Recently I’ve wondered whether we educators now face our latest if not greatest philosophical divide.
Earlier this month, Sweet Briar College officials announced the 114 year old women’s college in rural Virginia would cease operations at year’s end. The college’s financial circumstances had been in freefall since 2009, despite the favorable window-dressing of a 94 million dollar endowment in fiscal year 2014.

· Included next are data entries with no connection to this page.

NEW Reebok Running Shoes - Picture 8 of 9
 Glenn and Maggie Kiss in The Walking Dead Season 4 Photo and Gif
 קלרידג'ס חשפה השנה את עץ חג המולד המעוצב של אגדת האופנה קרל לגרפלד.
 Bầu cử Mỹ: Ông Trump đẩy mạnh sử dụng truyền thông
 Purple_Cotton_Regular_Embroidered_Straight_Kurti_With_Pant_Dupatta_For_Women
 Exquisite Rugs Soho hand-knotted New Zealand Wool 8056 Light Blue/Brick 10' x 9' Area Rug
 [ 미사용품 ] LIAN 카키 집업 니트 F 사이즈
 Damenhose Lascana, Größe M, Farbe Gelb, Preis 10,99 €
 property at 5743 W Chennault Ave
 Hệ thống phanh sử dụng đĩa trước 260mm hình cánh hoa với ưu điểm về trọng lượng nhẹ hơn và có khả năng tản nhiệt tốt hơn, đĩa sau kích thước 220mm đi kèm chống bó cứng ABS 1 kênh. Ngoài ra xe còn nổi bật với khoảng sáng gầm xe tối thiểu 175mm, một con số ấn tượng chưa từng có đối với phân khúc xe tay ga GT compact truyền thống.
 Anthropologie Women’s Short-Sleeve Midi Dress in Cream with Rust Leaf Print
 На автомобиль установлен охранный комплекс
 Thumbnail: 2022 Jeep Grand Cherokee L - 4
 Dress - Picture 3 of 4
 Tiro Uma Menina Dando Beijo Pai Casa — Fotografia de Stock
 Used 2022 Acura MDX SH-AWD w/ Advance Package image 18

In late February, the National Association of Independent Schools – of which Parish is a member – held their annual conference in Boston. Though unable to attend, I followed the conference Twitter feed and read summaries of several of its major presentations. The conference featured a self-explanatory theme, “Design the Revolution: Blending Learning, Leading, and Innovation,” and keynote sessions to provoke thinking, conversation, and action among the representatives from its 1,500 member schools. On the surface, the conference challenged independent school leaders to consider the sustainability of our model and the practices which shape it. We operate today in an environment of dizzying change, ever-escalating tuitions and heightened competition. How might our schools improve the preparation we afford our students and enhance our value proposition by leveraging the new opportunities presented by seismic changes in information technology and capitalizing on the autonomy afforded by our independence?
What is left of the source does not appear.